The bill, introduced today by Democratic Senators Mark Warner and Amy Klobuchar, with a bipartisan boost from Republican Senator John McCain, imposes regulations on social platforms, websites, ad networks and other online entities with more than 50 million unique users per month.

As the bill’s announcement states:

Russia attempted to influence the 2016 presidential election by buying and placing political ads on platforms such as Facebook, Twitter and Google. The content and purchaser(s) of those online advertisements are a mystery to the public because of outdated laws that have failed to keep up with evolving technology. The Honest Ads Act would prevent foreign actors from influencing our elections by ensuring that political ads sold online are covered by the same rules as ads sold on TV, radio, and satellite.

Disclosures for ad financing would apply to any entity that purchases more than $500 in ads cumulatively across a platform, a fairly low threshold for disclosure that speaks to the potency of even small ad buys on platforms like Facebook. The bill would also place a “reasonable expectation” on social media companies to identify if the source of an ad buy is outside the U.S.

“There will always be a case where things can fall through the cracks. What we’re trying to do here is start with a light touch,” Warner said. “We don’t want to slow down innovation on the internet, we don’t want to slow down technology.”

As the top Democrat on the Senate Intel Committee, Warner has had a front row seat to the revelations around Russian interference in the 2016 U.S. election.

In their press conference announcing the bill, the senators noted that Google and Facebook command 85 percent of online political ads. “Who wouldn’t want to know if the ad appearing next to your story was being paid for by a foreign power?” Klobuchar asked.

Its creators hope that the bill can make its way through Congress before primary season begins, fending off or at least complicating further attempts by the Russian government to seed divisive political ads online.

Warner admitted that while the bill is a good start, it will still be difficult to identify accounts that are “misrepresenting themselves” to conceal where the money comes from.

Calling the identity piece “much tougher,” Warner admits that he is “hoping that these platform companies come up with some ideas” for tracing and attributing political ad purchases.

Sen.

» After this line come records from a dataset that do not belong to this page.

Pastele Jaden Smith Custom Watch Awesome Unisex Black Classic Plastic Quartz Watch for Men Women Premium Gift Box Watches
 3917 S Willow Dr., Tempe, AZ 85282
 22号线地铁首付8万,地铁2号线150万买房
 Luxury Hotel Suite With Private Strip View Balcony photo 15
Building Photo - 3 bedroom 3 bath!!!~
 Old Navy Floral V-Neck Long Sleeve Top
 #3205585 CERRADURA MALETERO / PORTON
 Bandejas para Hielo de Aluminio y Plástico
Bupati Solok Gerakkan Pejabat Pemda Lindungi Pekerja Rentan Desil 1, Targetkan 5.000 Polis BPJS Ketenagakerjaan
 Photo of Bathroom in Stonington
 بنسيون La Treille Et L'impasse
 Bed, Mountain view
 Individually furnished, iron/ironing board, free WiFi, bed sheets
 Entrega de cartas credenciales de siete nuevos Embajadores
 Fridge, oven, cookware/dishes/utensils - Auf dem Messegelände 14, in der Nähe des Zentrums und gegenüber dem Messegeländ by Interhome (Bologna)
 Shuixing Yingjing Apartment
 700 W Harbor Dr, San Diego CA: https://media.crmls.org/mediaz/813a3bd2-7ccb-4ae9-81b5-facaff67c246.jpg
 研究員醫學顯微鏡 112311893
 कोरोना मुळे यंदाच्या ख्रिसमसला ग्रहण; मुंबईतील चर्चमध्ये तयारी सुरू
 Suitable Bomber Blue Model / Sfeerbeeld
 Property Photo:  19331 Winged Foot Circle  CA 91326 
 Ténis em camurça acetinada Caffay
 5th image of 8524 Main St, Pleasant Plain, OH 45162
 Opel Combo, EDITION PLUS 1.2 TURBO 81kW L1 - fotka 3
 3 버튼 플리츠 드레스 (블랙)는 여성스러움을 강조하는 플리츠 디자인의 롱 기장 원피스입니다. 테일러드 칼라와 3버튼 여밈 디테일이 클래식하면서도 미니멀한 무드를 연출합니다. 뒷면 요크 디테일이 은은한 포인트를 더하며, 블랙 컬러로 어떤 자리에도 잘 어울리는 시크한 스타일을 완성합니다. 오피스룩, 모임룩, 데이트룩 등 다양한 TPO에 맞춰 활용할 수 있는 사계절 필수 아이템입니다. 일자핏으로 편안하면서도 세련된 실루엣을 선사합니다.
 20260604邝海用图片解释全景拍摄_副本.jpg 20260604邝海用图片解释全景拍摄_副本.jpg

Klobuchar noted that tech companies may not be enthusiastic about facing increased regulation, but they have become increasingly cooperative after their initial reticence to admit fault.

“Now the online companies, we’re working with them,” Klobuchar said. “I’m not going to tell you they support this bill right now. They have to realize that the world has changed, they have been selling ads and making money off of this system.”

Even as they skewered Facebook for being “dismissive” early on and Twitter for essentially copying Facebook’s homework in its report to Congress a few weeks ago, the lawmakers appeared hopeful that cooperation would only improve as the depth of Russian election interference becomes more widely understood.

In spite of that increasing cooperation, the senators suggested that voluntary adherence to Congressional guidelines would be an uneven solution at best.

“The problem is, it has to cover everyone — you can’t just have a few companies doing it voluntarily, it has to be in the laws,” Warner said.

“These companies rely on the trust of users,” he added. “It’s in their own self-interest.”

Facebook, Twitter and Google are expected to appear in an open hearing before the House and Senate’s intelligence committees on November 1. Facebook and Twitter confirmed this week that they will not be sending high-profile executives to the hearings, instead opting to be represented by their general counsels.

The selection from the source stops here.